There's no percentage in talking about national defense. Attempts to produce a war fighting strategy in the manner of Joseph Lieberman will bring the Kos gang in against you. But taking an explicitly antiwar position is unlikely to play well either, at least with the electorate, as the excerpt above suggests. The only alternative is to deny the existence of any sort of war, except maybe in the fevered imagination of the President; and that if one is discovered to be in progress, it will always be possible to feign surprise and declare the "Democrats will not play second fiddle."

But anyone looking for straight talk will have to go far to find it. In the State of the Union speech, America remains at war with a faceless collection of tyrants and terrorists, who despite their indubitable existence, persistently escape being categorically named. But we are given hints.

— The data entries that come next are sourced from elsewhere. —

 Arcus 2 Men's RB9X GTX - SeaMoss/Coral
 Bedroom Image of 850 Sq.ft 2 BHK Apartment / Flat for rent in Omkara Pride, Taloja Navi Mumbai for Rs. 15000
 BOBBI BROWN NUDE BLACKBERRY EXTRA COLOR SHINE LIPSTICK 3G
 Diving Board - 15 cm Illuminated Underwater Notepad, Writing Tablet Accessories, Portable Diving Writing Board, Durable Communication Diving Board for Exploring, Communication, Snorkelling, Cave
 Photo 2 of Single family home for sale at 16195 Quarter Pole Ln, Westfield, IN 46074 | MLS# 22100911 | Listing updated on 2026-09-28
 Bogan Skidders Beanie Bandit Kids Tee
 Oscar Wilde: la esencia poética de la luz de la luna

And one of the main sources of reaction and opposition is radical Islam -- the perversion by a few of a noble faith into an ideology of terror and death. ...

Tonight, let me speak directly to the citizens of Iran: America respects you, and we respect your country. We respect your right to choose your own future and win your own freedom. And our nation hopes one day to be the closest of friends with a free and democratic Iran. ...

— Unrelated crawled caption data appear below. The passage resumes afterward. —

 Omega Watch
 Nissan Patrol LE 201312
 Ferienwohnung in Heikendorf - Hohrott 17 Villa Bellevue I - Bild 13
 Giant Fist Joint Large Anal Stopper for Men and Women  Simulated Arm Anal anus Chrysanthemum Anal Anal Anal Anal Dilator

America is addicted to oil, which is often imported from unstable parts of the world. The best way to break this addiction is through technology. Since 2001, we have spent nearly $10 billion to develop cleaner, cheaper, and more reliable alternative energy sources -- and we are on the threshold of incredible advances.

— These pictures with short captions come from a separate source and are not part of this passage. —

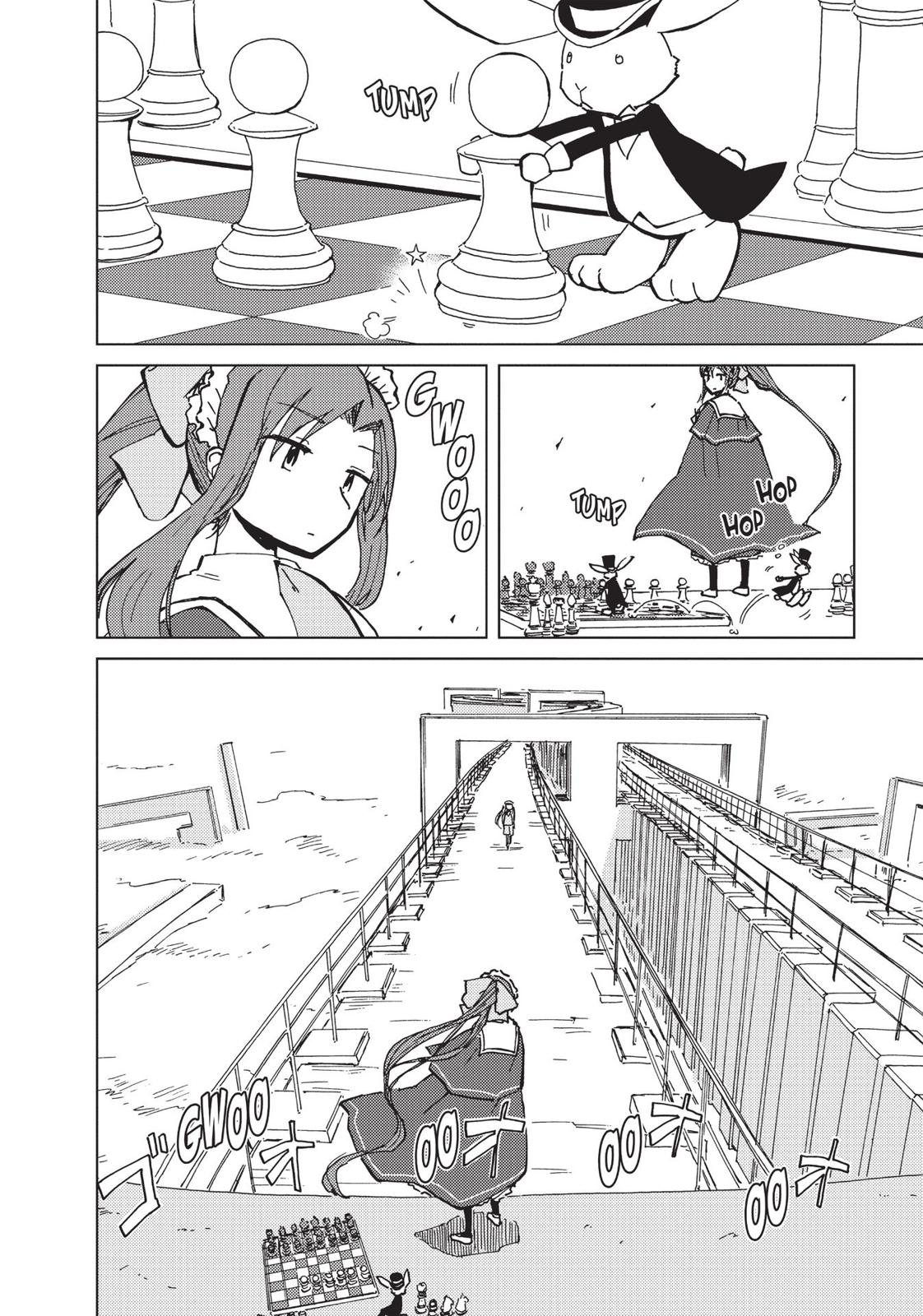 Alice & Zoroku Chapter 26 page 16 - Chapter 26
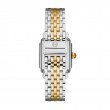 Limited Edition Deco Madison Mid Two-Tone 18K Gold-Plated Diamond Watch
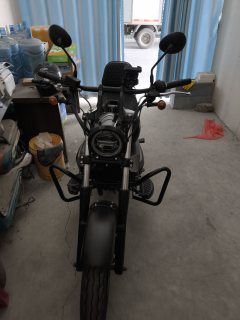 Lifan K29 250 cc - ფოტო 2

It's a ghastly charade game in which the viewers are invited to guess the right answers after watching the mime. Neither Rahm Emmanuel or President Bush can bring themselves to articulate what they must suspect. Maybe Ralph Peters has the right insight: the answers are not spoken because no one can think them. Like a rationalist confronted with a demon in whom he does not believe and yet with which he is manifestly grappling -- the elites fight -- against that whose name they have forgotten. Peters talks about why it is impossible to recognize our adversary.


The angry gods are back.  .... A paradox of our time is that the overwhelmingly secular global media--a collection of natural-born religion-haters--have become the crucial accomplices of the suicide bomber fueled by rabid faith. Mass murderers are lionized as freedom fighters, while our own troops are attacked by the press they protect for the least waywardness or error. ... One of the most consistently disheartening experiences an adult can have today is to listen to the endless attempts by our intellectuals and intelligence professionals to explain religious terrorism in clinical terms, assigning rational motives to men who have moved irrevocably beyond reason.

We suffer under layers of intellectual asymmetries that hinder us from an intuitive recognition of our enemies. ... Despite the horrors we have witnessed, we have yet to take religious terrorists seriously on their own self-evident terms. We invaded a succession of their tormented countries, but haven't come close to penetrating their souls. ... Security-wise, we have placed our faith in things, in bright (and expensive) material objects.  ....Again, our intelligentsia falls woefully short. The most secularized element of our society--educated to avoid faith (or, at the very least, to shun enthusiastic, vigorous, proud, and public faith)--our professional thinkers have lost any sense of a literal paradise beyond the grave. But our enemies enjoy a faith as vivid as did our ancestors, for whom devils lurked in the undergrowth and paradise was an idealized representation of that which mortals knew. We are taught that we should never underestimate our enemies--yet, we underestimate the power of his faith, his most potent weapon.